I can remember as a youngster being very interested in dinosaurs and spending time collecting small miniatures of the more prominent types; one of my favorites being the Tyrannosaurus Rex. You can imagine my excitement when an imaginative movie producer decided to make a motion picture with prehistoric beasts and a T-Rex as characters (The Lost World, King Kong [the 1933 version], The Valley of Gwangi, etc.). They all seemed to have the same story line; how do men deal with 30 feet tall beasts with sharp teeth and a taste for human flesh? In this case truth may be stranger than fiction.
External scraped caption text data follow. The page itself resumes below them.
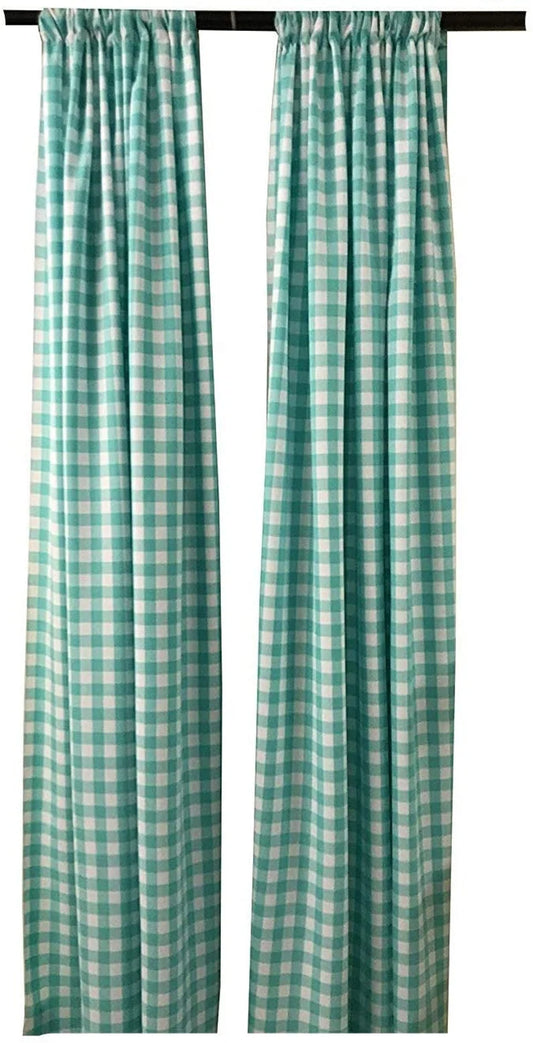 Checkered Country Plaid Gingham Checkered Backdrop Drapes Curtains Panels, Room Divider, 1 Pair - White & Aqua ) Choose Size Below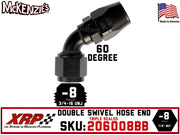 -8AN 60˚ Triple Sealed Hose End | Double-Swivel | XRP 206008BB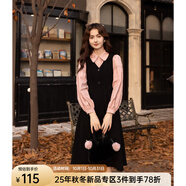 謎秀法式復(fù)古黑色燈芯絨背帶連衣裙2025春秋新款韓版赫本風(fēng)中長裙 氣質(zhì)黑 背心裙 L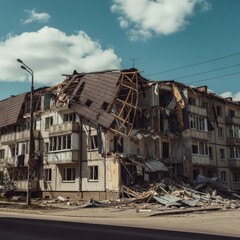 Obraz premium Damaged apartment building after conflict, showing destruction and debris.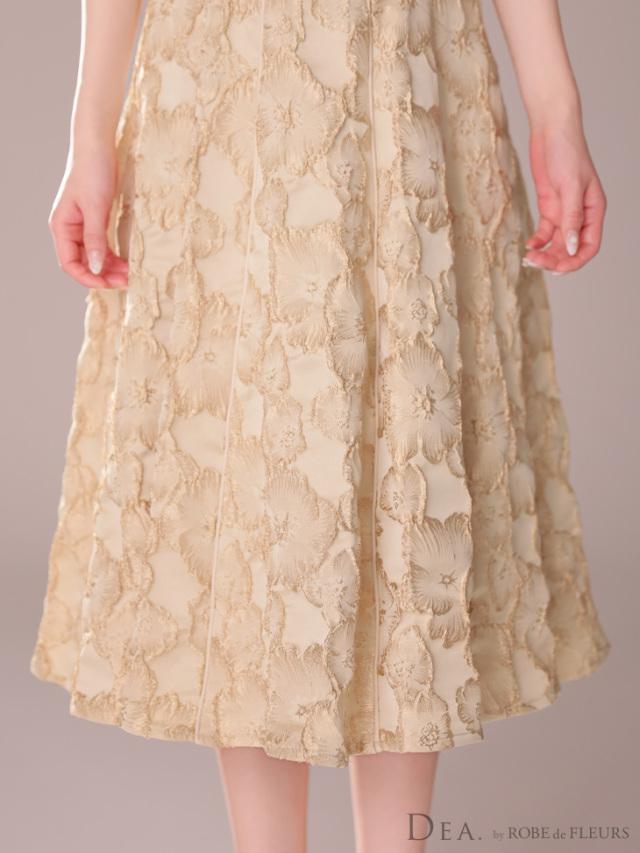 Lサイズあり】花柄ジャガードパイピングミディキャバドレス(DE3282)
Imagine a primitive hunting party with hand crafted weapons out tracking a potential prey to feed a hungry family group. The prey of which they are in pursuit is a creature very familiar to the hunting party. They know the creature’s habits and have developed the skills to bring down their prey. An experienced tracker has been given the task of marking the trail for the remainder of the party who will devise the strategy to bag the prey. This scenario has been played out for ions in mans recent past and in times past our remembering. The Native Americans employed this method when hunting big game in North America. Obviously, while tracking the weary prey, the tracker himself will leave his own tracks along the path.
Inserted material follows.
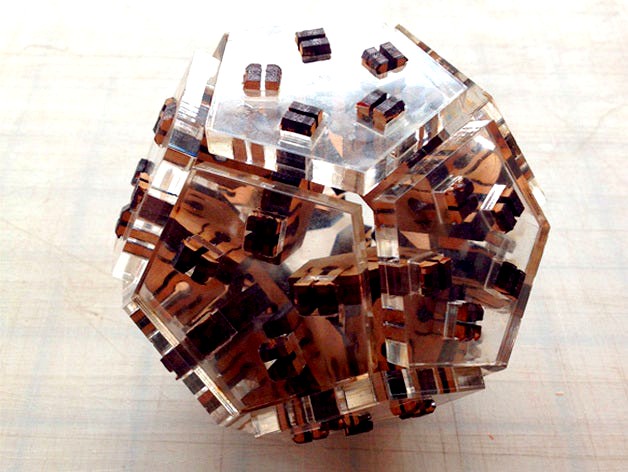 Lasercut Snap Together Small Dodecahedron by NewAmericanPublicArt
A similar scenario might involve a large group of lumbering four footed beasts with juvenile members fleeing a flood event across a shallow marsh flat of mud and reeds followed by a smaller group of predators in the same frenzied state fleeing the same flood event. Moving along with this stampeding sea of bestial flesh is a skilled tribe of native inhabitants staying clear of the dangers of such a stampeding mass while being all too aware of the need to escape the coming disaster; each individual in this story is leaving behind the evidence of this scene in the form of tracks in the soft mud through which they are traveling.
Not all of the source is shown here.